**Problem details:** Retype the whole listing below exactly, keeping every picture out of it.

Records: Begin

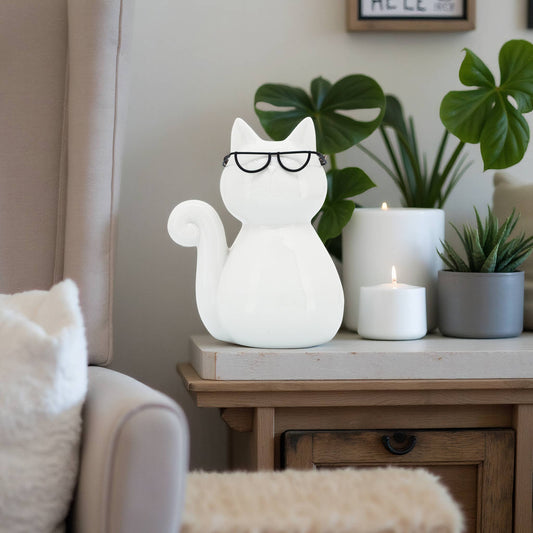 Ceramic Modern Kitty with Glasses Figurine - White, 8 in.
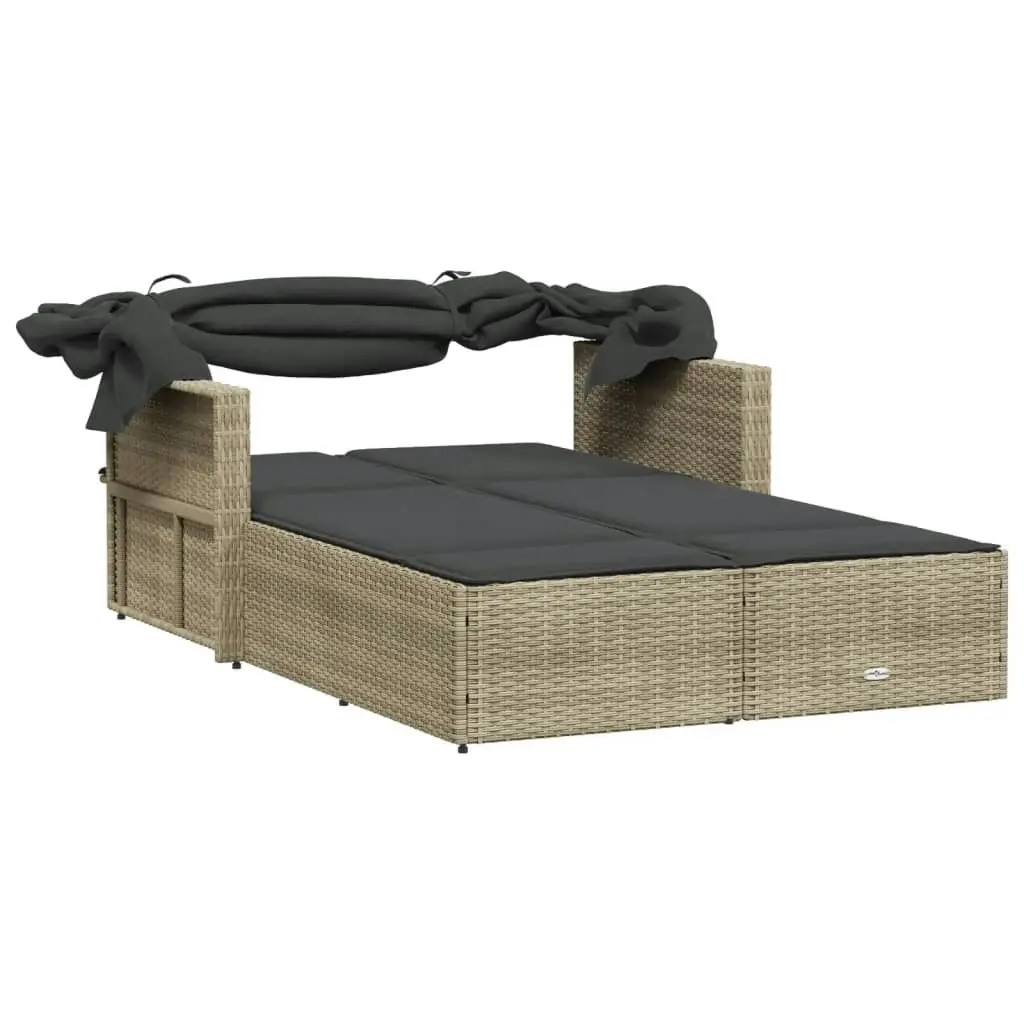 Double Sun Lounger with Canopy and Cushions Light Grey Poly Rattan 365812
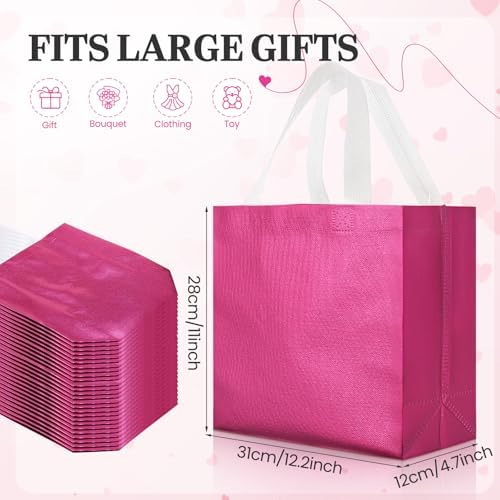 Eccliy 80 Pcs Reusable Gift Bags, Large, Hot Pink - Image 5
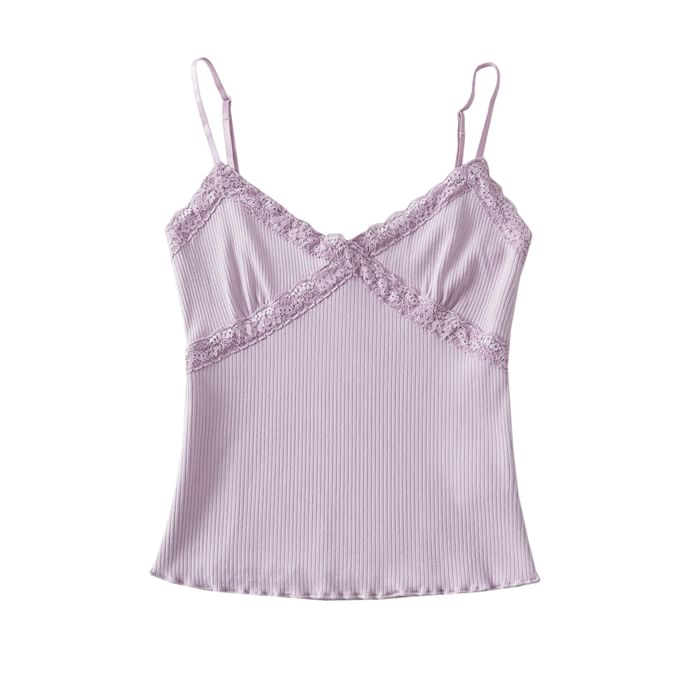 Cropped Lace-Trim V-Neck Cami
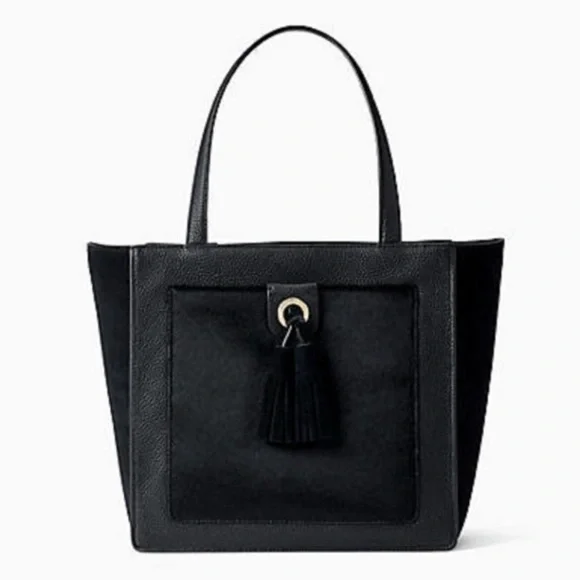 Kate Spade Kassandra Sequoia Avenue Tote Black suede leather EUC‎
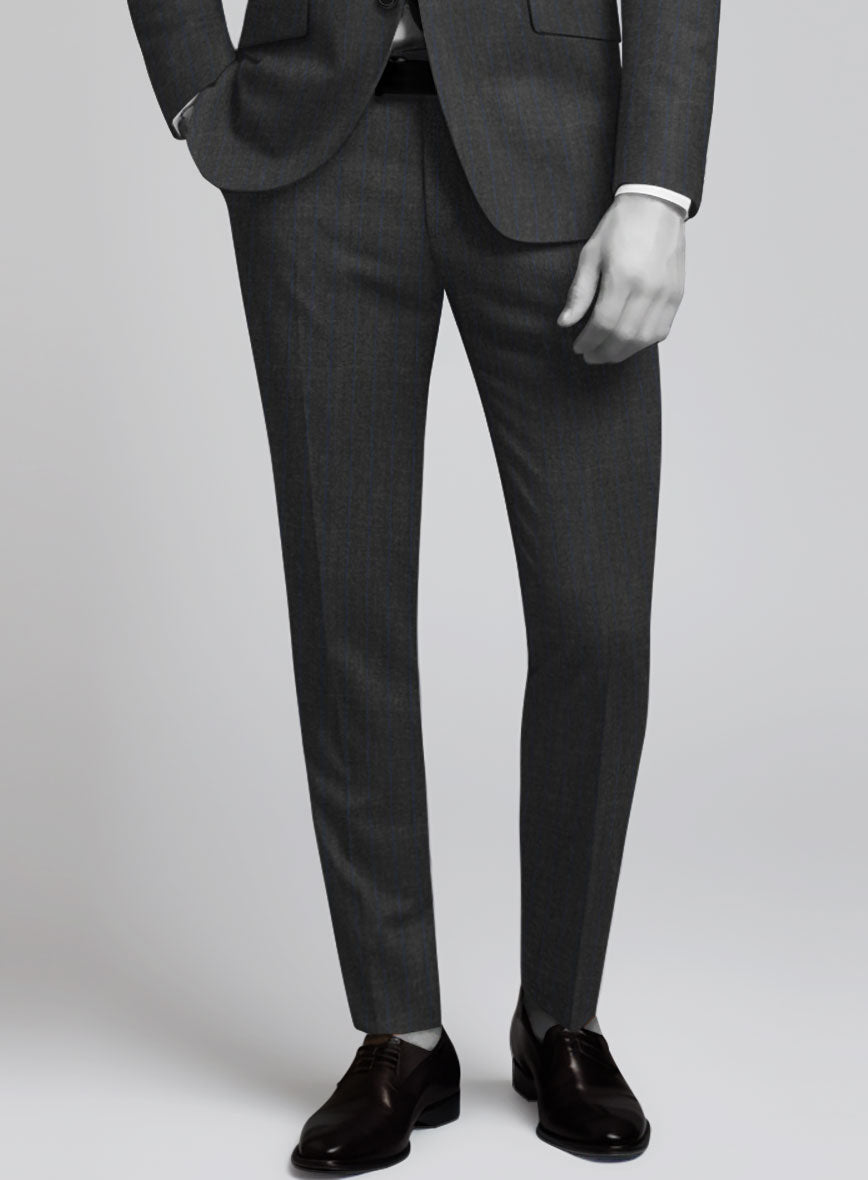 Napolean Abelino Stripe Gray Wool Pants - StudioSuits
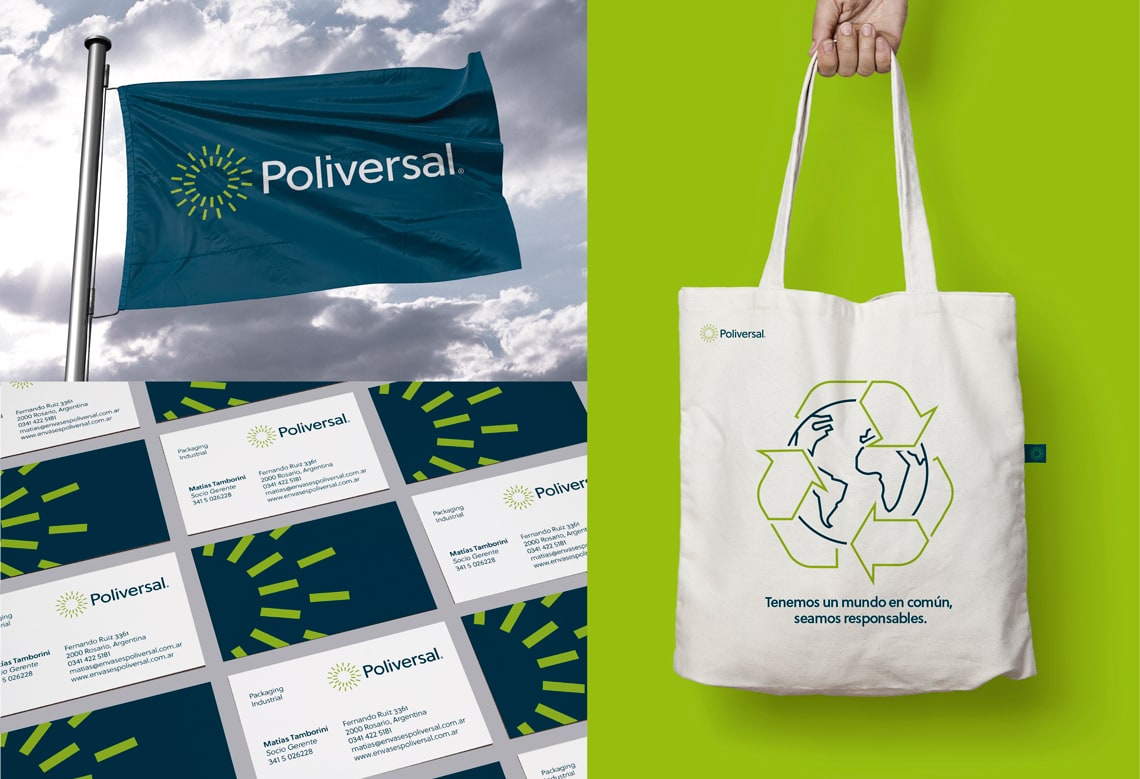 The new Poliversal logo and corporate identity uses Soleil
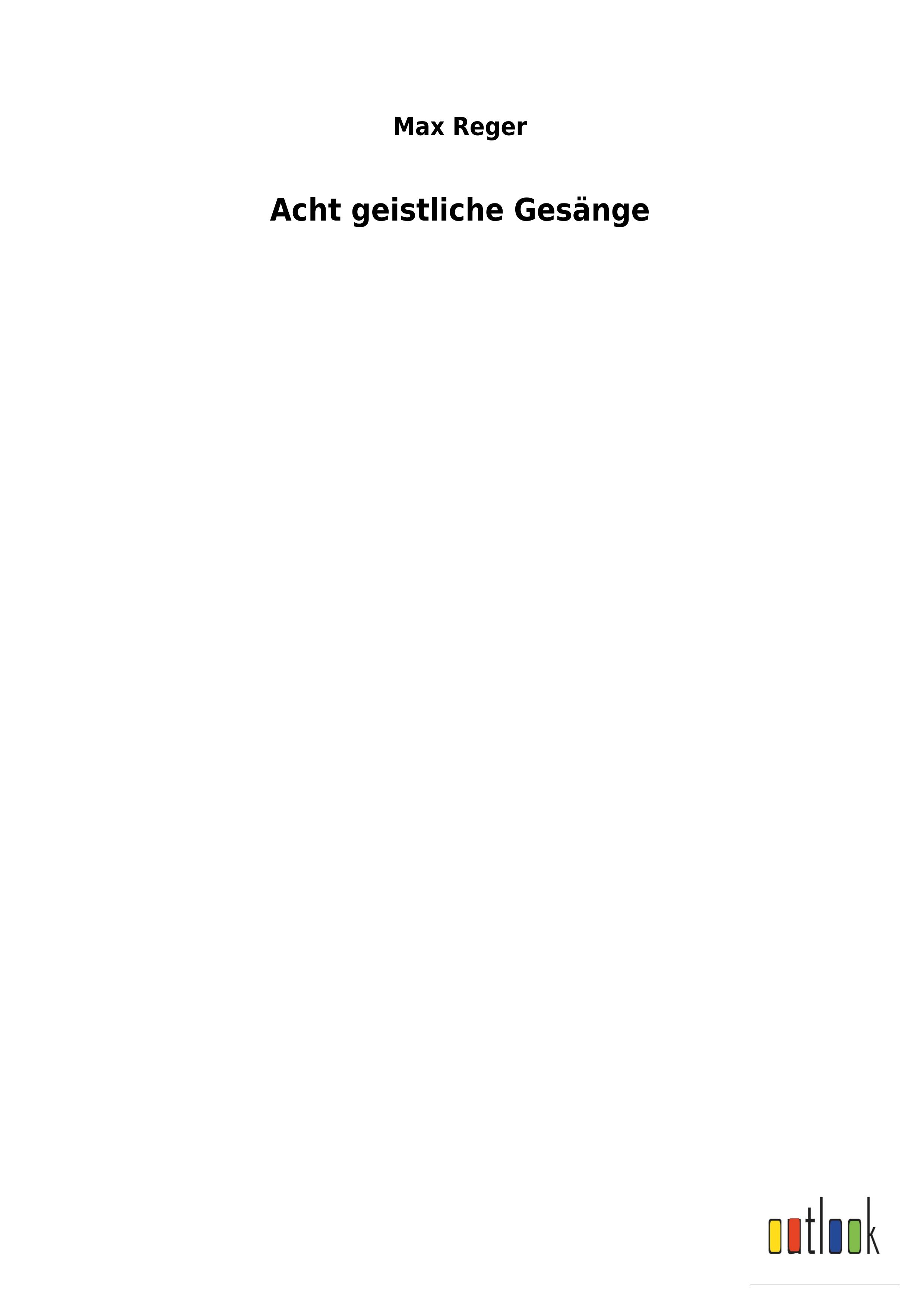Vorderes Coverbild Acht geistliche Gesänge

Records: End

**Result:**
 Ceramic Modern Kitty with Glasses Figurine - White, 8 in.
 Double Sun Lounger with Canopy and Cushions Light Grey Poly Rattan 365812
 Eccliy 80 Pcs Reusable Gift Bags, Large, Hot Pink - Image 5
 Cropped Lace-Trim V-Neck Cami
 Kate Spade Kassandra Sequoia Avenue Tote Black suede leather EUC‎
 Napolean Abelino Stripe Gray Wool Pants - StudioSuits
 The new Poliversal logo and corporate identity uses Soleil
Vorderes Coverbild Acht geistliche Gesänge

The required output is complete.